Pauline Kael argued against auteur theory, saying that "auteur" directors depend heavily on the contributions of others, like cinematographers.[6][7] David Kipen stated that the screenwriter is a film's main author, a viewpoint termed "Schreiber theory". Aljean Harmetz listed Casablanca (1942) as an instance where the producer and studio head exerted major creative control.[8] Georges Sadoul deemed a film's putative "author" could even be an actor, but that cinema is at its core a collaborative art. Genre theory counters the concept of auteur theory by showing that directors can work in genres that do not require an auteur style to film them. One such well-known genre filmmaker is David Cronenberg, who has mainly worked in body horror subgenre.[10]

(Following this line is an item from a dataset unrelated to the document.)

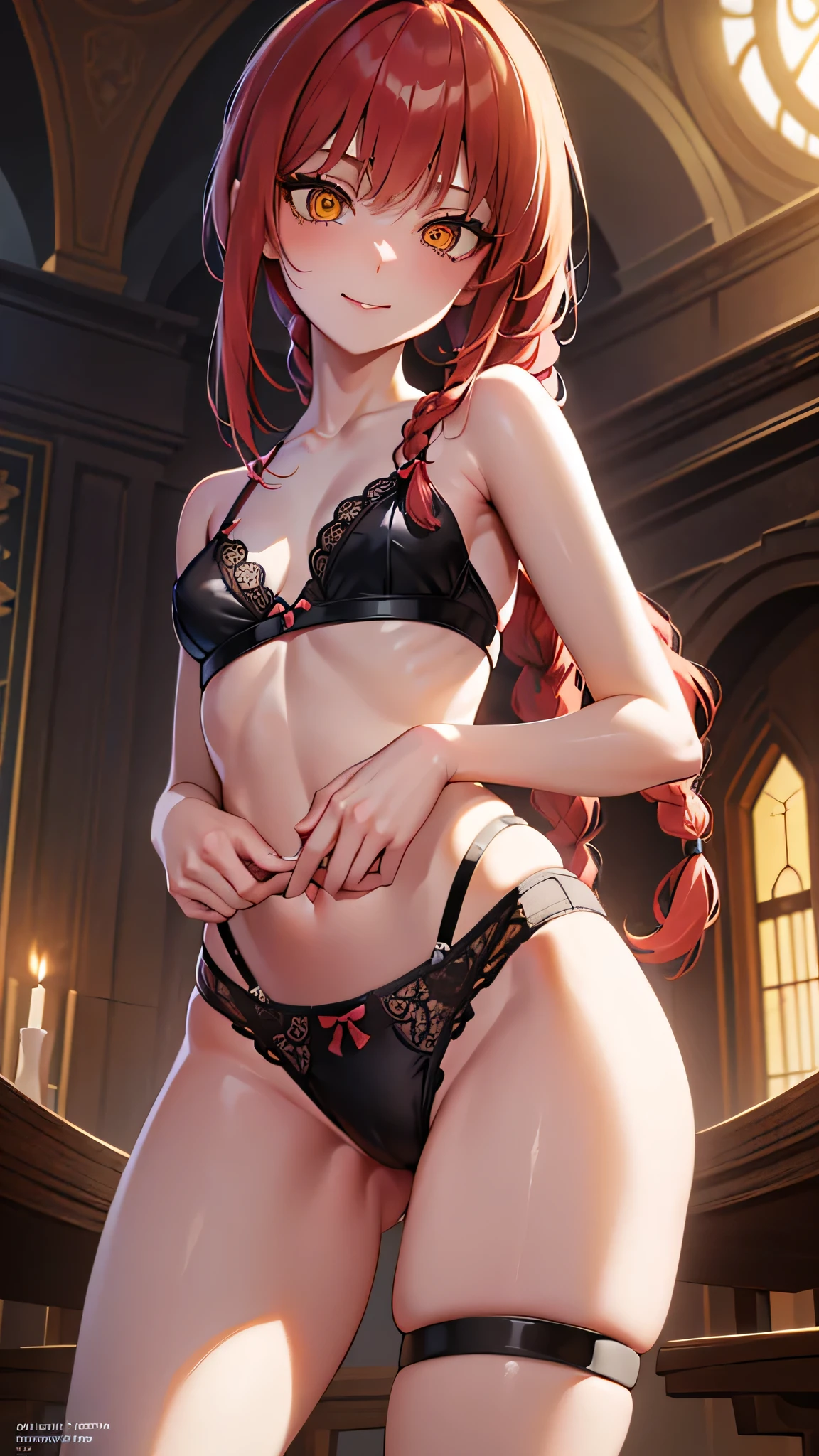 Masterpiece, top quality, best quality, official art, beautiful and aesthetic, anime, 1girl,extremely detailed, colorful, more detailed ((ultra-detailed)), (highly detailed CG illustration),Best Quality, High resolution, Unity 8k Wallpaper, (Illustration:0.8), (Beautiful detailed eyes:1.6), extra detailed face, Perfect Lighting, extremely details CG, (Perfect hands, Perfect Anatomy), makima, long hair, smile, bangs, (small breasts:1.2), (yellow eyes:1.2), braid, red hair, braided ponytail, ringed eyes,navel, cleavage, underwear, collarbone, panties, thighs, black panties, underwear only, lingerie, black bra,stockings, stocking suspenders, from below, bend over, in middle of church, benches,candles, dark light,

In French cinema in the 1950s, when the New Wave began, few auteurs had emerged which was noted by Truffaut in his 1954 essay titled "A certain tendency in French cinema". Some of these film auteurs included Robert Bresson, Jean Cocteau, Abel Gance, and Jacques Tati.[11] The auteur concept has also been applied to non-film directors, such as popular music producers namely Phil Spector, considered the first music auteur[12][13] and Brian Wilson, who was credited to be first pop musician to write, arrange, produce and perform his own material.[14][15] Another media where auteur concept has been applied is video games, particularly video game designers and developers. Some of them are Hideo Kojima, Japan's pre-eminent auteur game designer,[16] Hidetaka Miyazaki, who is known for having "total direction" and a defined style for his games such as Dark Souls,[17][18] and Tim Schafer, whose work on Brütal Legend had shown distinct touches which are "snappy dialog, quirky characters and strange dreamlike environments".[19]
Film
[edit]Origin
[edit]Before the formal development of auteur theory, the producer was considered a film's most important influence. In Germany, early film theorist Walter Julius Bloem explained that since filmmaking is "art for the masses", and the masses "are naturally accustomed to admire that artist who submits his creations to them in tangible, palpable, and finished form", the screenwriter is a film's artist or poet; other contributors such as the producer to a film are merely "apprentices" but not the artist who created "the completed and complex picture".[20] During the decline of studio system in the 1940s, the film director was starting to be significantly held in filmmaking for e.g., James Agee, a leading film critic of that time, said that "the best films are personal ones, made by forceful directors".[21] Meanwhile, the French critics André Bazin and Roger Leenhardt emphasized that directors vitalize films, and through their choices of lighting, camerawork, staging, editing, and so on, express their own worldviews and impressions of the film's subject matter.[22] Alexandre Astruc had viewed the interior meaning in auteur theory as directors who attach their personality into the film. This elevates cinema as an art in what he defined as mise-en-scène.[5] A lot of work in the development of auteur theory also comes from Astruc's caméra-stylo (transl. camera-pen) concept of 1948.[23][4]
Development of theory
[edit]
As the French New Wave in cinema began, the French publication Cahiers du Cinéma, founded in 1951, became a hub of discourse about the pivotal role of the film director. In a 1954 essay, François Truffaut criticized the prevailing French cinema better known as "Tradition of Quality" (or La qualité française) whereby screenwriters for e.g., Aurenche and Bost, faithful to the script, merely adapt a literary novel.[24] Truffaut added that this practice made the film already made as the screenwriter is metteur-en-scène (transl. scene-setter) when they handover the script to the film director and that they "failed when they tried their hand at comedy" genre.[24] To represent the view that directors who put their personality into their work make better films, Truffaut coined the phrase "la politique des auteurs", or "the policy of the authors" in 1955.[25] He named eight writer-directors, Jean Renoir, Robert Bresson, Jean Cocteau, Jacques Becker, Abel Gance, Max Ophüls, Jacques Tati, and Roger Leenhardt, as examples of these "authors".[24]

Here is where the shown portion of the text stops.